In the entries below, begin at the line that has "Sterling Silver and", stop after the line that has "Rhinestone Geometric Drop", and output those lines exactly with no pictures.

• **Input records**
┄┄┄┄┄┄┄┄┄┄
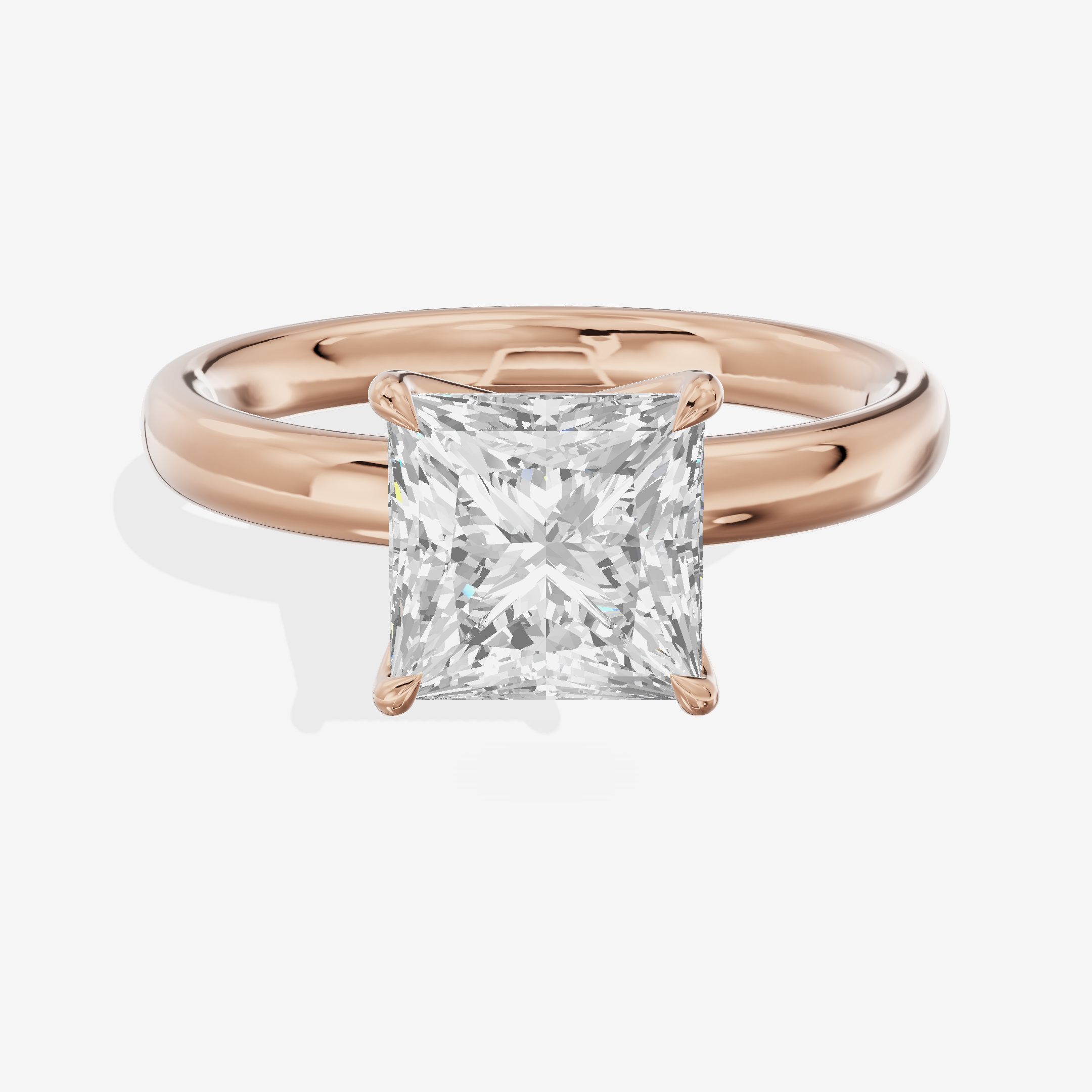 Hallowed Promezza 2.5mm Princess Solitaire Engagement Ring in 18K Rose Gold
┄┄┄┄┄┄┄┄┄┄
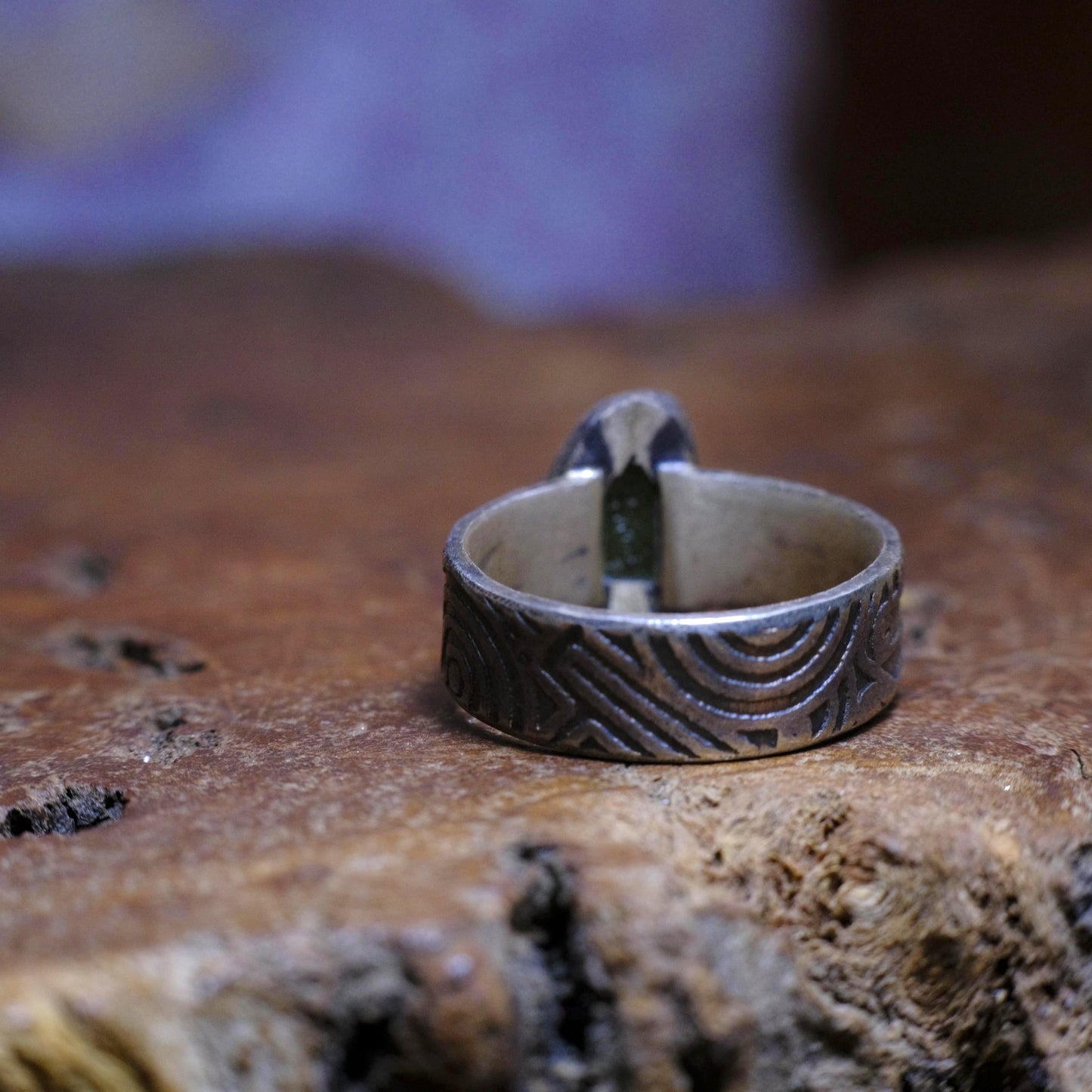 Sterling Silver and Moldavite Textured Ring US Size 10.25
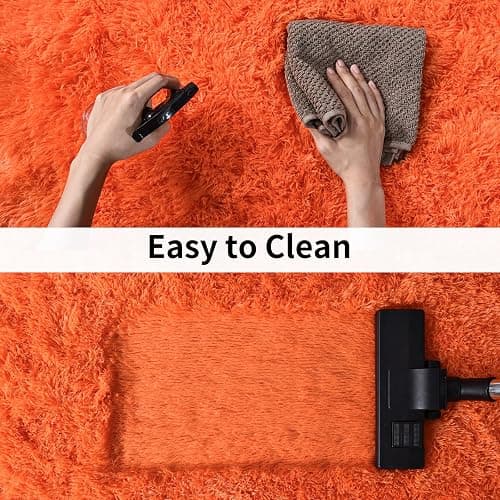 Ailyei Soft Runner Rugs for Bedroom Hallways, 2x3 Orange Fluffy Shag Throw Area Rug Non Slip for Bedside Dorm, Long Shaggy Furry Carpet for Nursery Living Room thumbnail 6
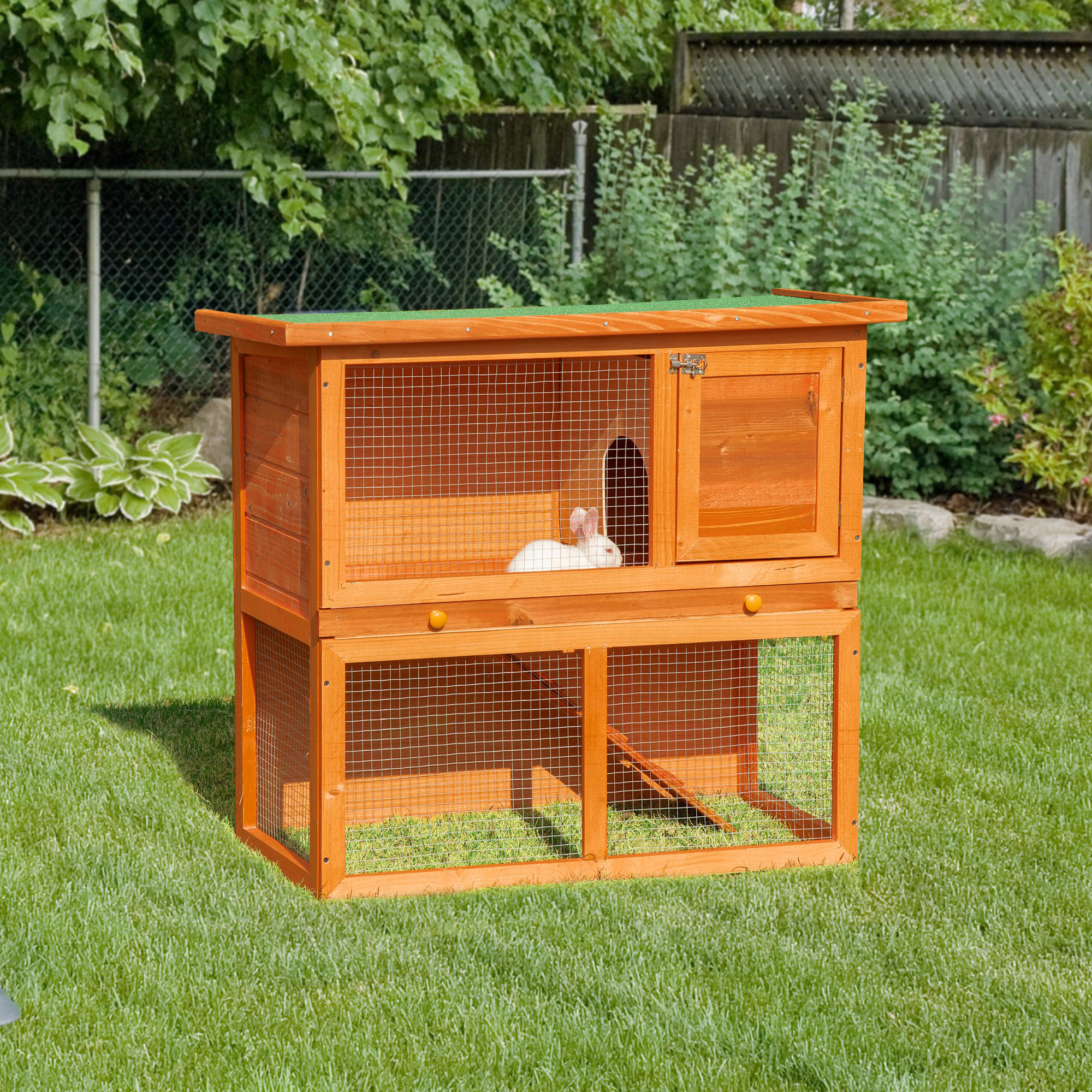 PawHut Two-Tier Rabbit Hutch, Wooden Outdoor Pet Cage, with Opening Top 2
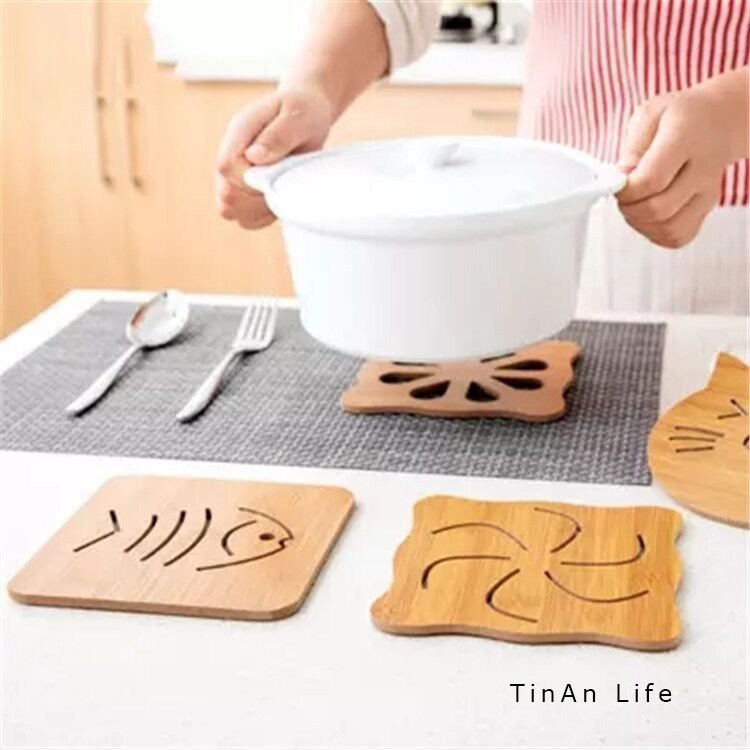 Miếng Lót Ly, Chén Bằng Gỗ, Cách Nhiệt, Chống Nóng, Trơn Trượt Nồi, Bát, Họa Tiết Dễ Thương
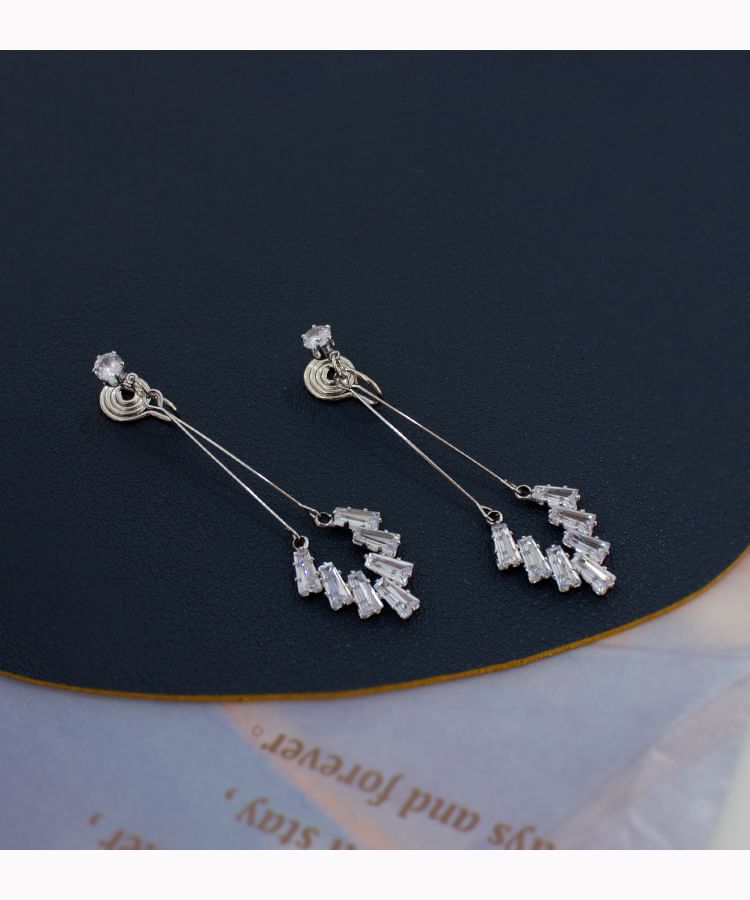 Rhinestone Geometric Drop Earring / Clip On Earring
┄┄┄┄┄┄┄┄┄┄
• **Answer to this problem**
 Sterling Silver and Moldavite Textured Ring US Size 10.25
 Ailyei Soft Runner Rugs for Bedroom Hallways, 2x3 Orange Fluffy Shag Throw Area Rug Non Slip for Bedside Dorm, Long Shaggy Furry Carpet for Nursery Living Room thumbnail 6
 PawHut Two-Tier Rabbit Hutch, Wooden Outdoor Pet Cage, with Opening Top 2
 Miếng Lót Ly, Chén Bằng Gỗ, Cách Nhiệt, Chống Nóng, Trơn Trượt Nồi, Bát, Họa Tiết Dễ Thương
 Rhinestone Geometric Drop Earring / Clip On Earring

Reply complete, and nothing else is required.